### LISTED ENTRIES
——————

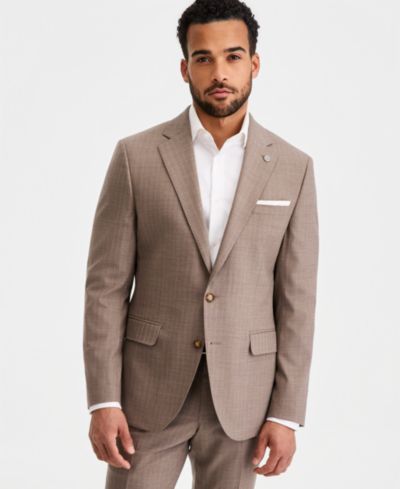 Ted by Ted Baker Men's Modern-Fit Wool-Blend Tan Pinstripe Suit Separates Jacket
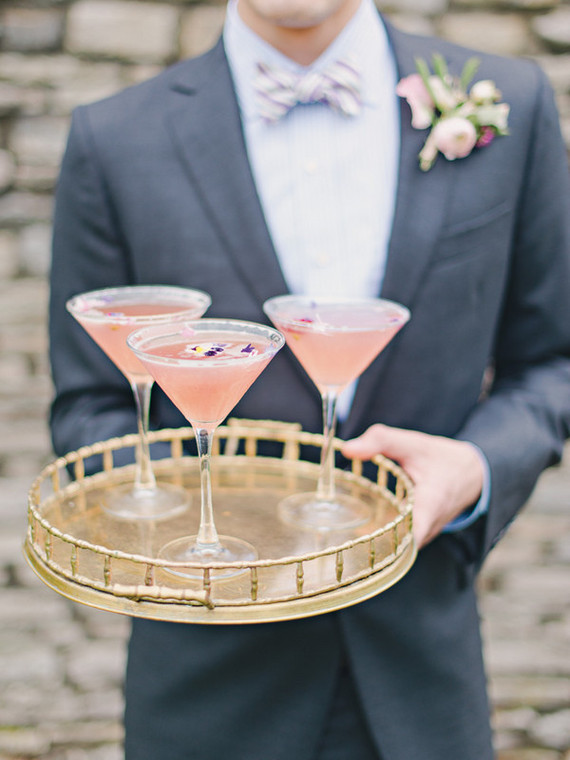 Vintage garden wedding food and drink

——————

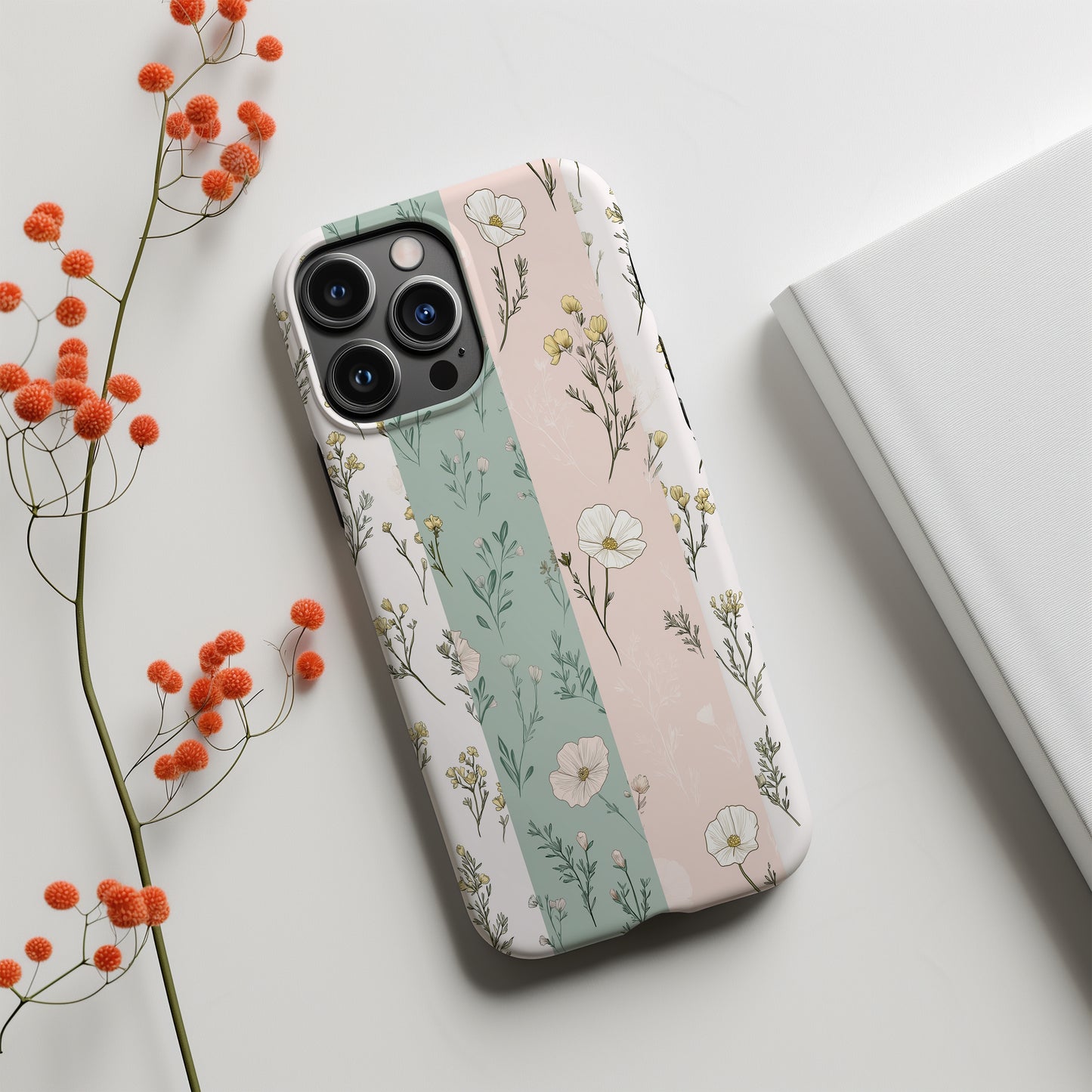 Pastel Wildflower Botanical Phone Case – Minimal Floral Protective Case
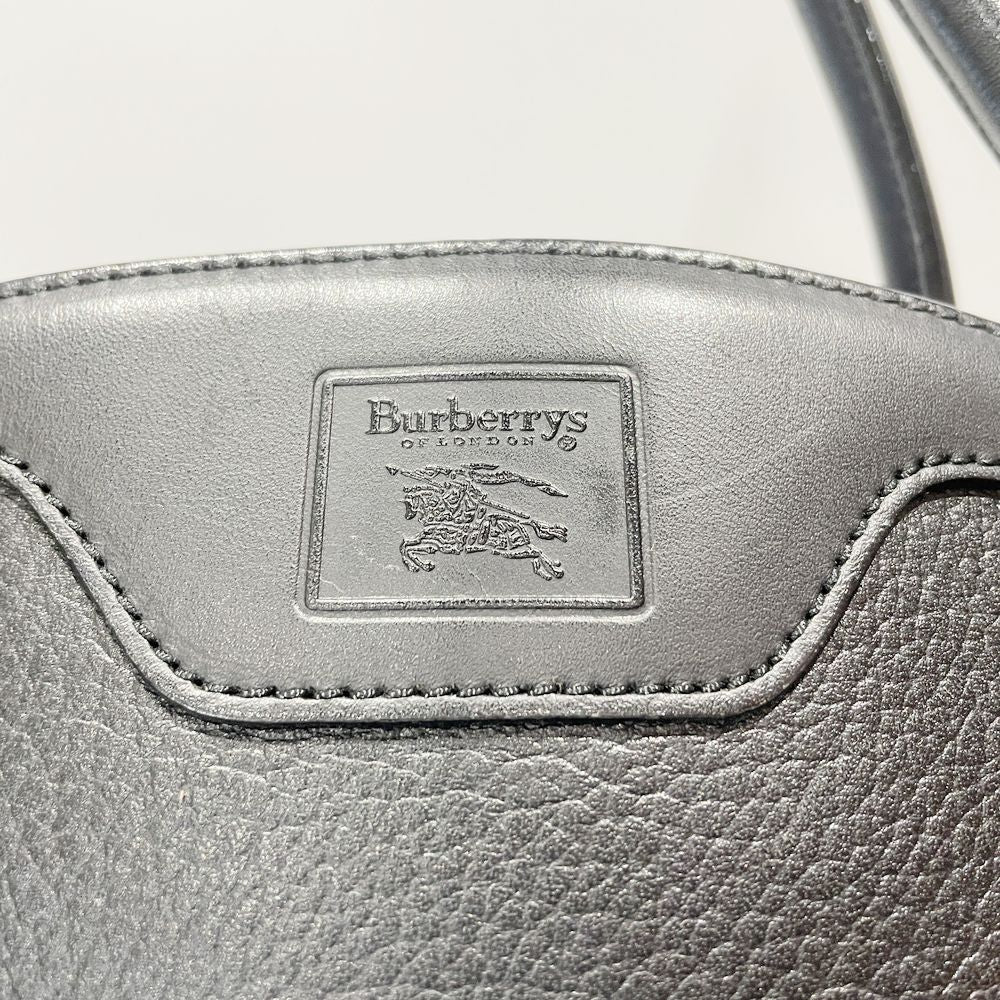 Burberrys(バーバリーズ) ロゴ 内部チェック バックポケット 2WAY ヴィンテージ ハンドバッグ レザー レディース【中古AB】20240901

——————

### PROBLEM STATEMENT
Give back the exact lines above, running from the one that has "Ted by Ted Baker" through the one that has "Vintage garden wedding food and drink", with nothing added and no pictures.

### SOLUTION TO THE EXERCISE
 Ted by Ted Baker Men's Modern-Fit Wool-Blend Tan Pinstripe Suit Separates Jacket
 Vintage garden wedding food and drink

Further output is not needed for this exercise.